The final step in preparing your multimeter to take measurements is to max out the amperage setting on your device. That’s usually done by turning the corresponding dial.
Here’s why: The idea is to enable your multimeter to handle more than the expected maximum currents of a circuit. This helps protect against potentially blowing a fuse, should the amperage you’re measuring be stronger than anticipated. In such a scenario, the current could destroy your multimeter.
It’s worth noting that this is a safety precaution, not necessarily the best way to configure your device. It’s possible that keeping the dial to the maximum setting might not give you a reading if the current flowing through the circuit is too low.
In order to measure the current in a circuit, you have to run it through the multimeter. Before doing that, make sure you shut off the power.
Why? Well, the moment you complete the circuit with your multimeter, the current instantly flows through it if the power is on. That means that it goes through the small tip of the probe and can cause overheating from the electrical load.
So, before putting the multimeter in series with the circuit and essentially turning it into a live wire, turn off the breaker switch or remove the negative lead coming from the battery if you have a circuit powered by one.
With the power off, you can connect the multimeter. The red probe, or red lead, usually connects to a point closes to the power source. The black probe connects to what’s known as the downstream or outgoing section of the circuit.
After integrating the multimeter into the circuit, you can restore power. As the current flows through it, you should notice a number on your device’s display.
If you see a number between 1 and 10, it means that you’re measuring amps. However, if you see something starting with zero followed by a decimal point, then you’re measuring milliamps.
Pro Tip: When the displayed number is under 0.400, you can swap your red probe into the mA jack for a more accurate reading. Of course, you’ll want to power off the circuit first and then change the position of the red lead.
Using Alligator Clips
Alligator clips, or clamps, are very useful accessories because one of the problems with using a standard multimeter is that it can keep both hands busy.

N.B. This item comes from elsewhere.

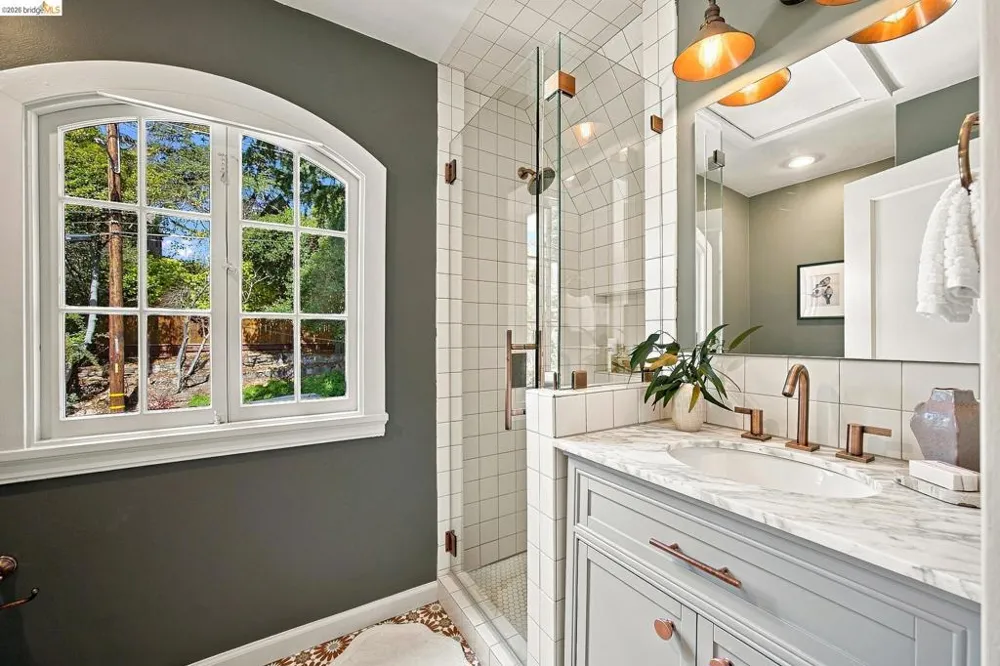939 Hillcroft Circle Oakland, CA 94610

When using alligator clips, your hands are free, and you’re safely disconnected from the circuit should something happen. You’ll also have a much easier time switching the power on and off as you perform your measurements.

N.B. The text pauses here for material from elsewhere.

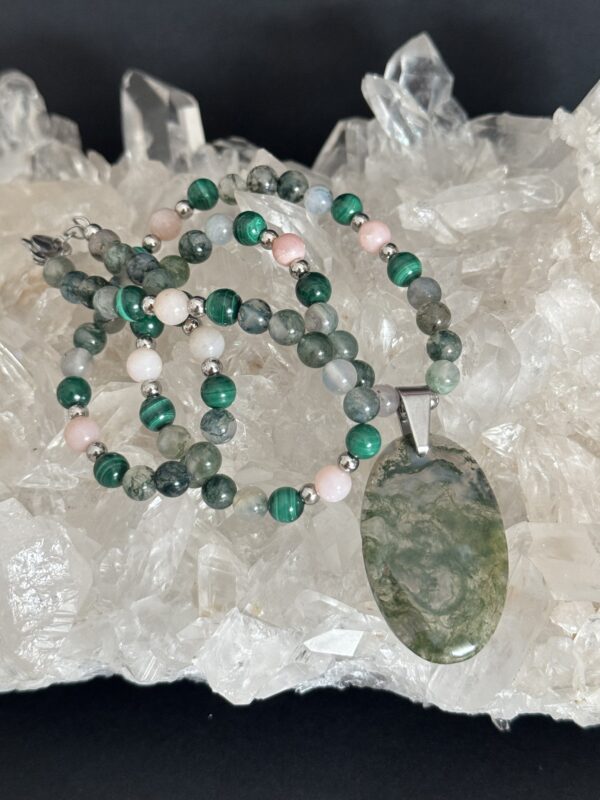 Collier énergétique unique Agate mousse AAA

Always exercise caution when attempting to measure the current going through a circuit. Finding the source of a parasitic drain could be important in various projects. However, it’s crucial to remember that you have to make your multimeter a part of the live circuit to take an accurate amp measurement.
Therefore, a poor configuration can do more than give you an inaccurate reading. It can blow a fuse, damage the device, or even cause electrocution. Apart from following the general steps presented in this article, don’t forget to check your multimeter’s manual to better understand how it works.

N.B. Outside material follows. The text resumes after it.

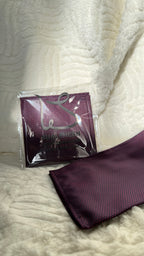 Dual-Finish Diamond Weave Pocket Square – Royal Burgundy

2 thoughts on “How to Measure Amps Using a Multimeter”
NEVER EVER ever ever ever put multimeter probes into a plug socket like that!
If the multimeter was set to AMPS (Which is the title of the page isn’t it) then it will either EXPLODE or, at the very least, it will blow the fuse, hopefully faster than you can say “is that the smell of burning electronics”.
Also be aware that when you put your multimeter into AMPS mode then that is basically a “short circuit” mode that can DAMAGE a huge range of electric and electronic devices.
Please heed this warning and help, from someone with many many years of experience.
Thank you! That’s a random image an editor used. I’ll get that changed to a battery or something else. An editor and I will go through the article again and check for errors. Thanks.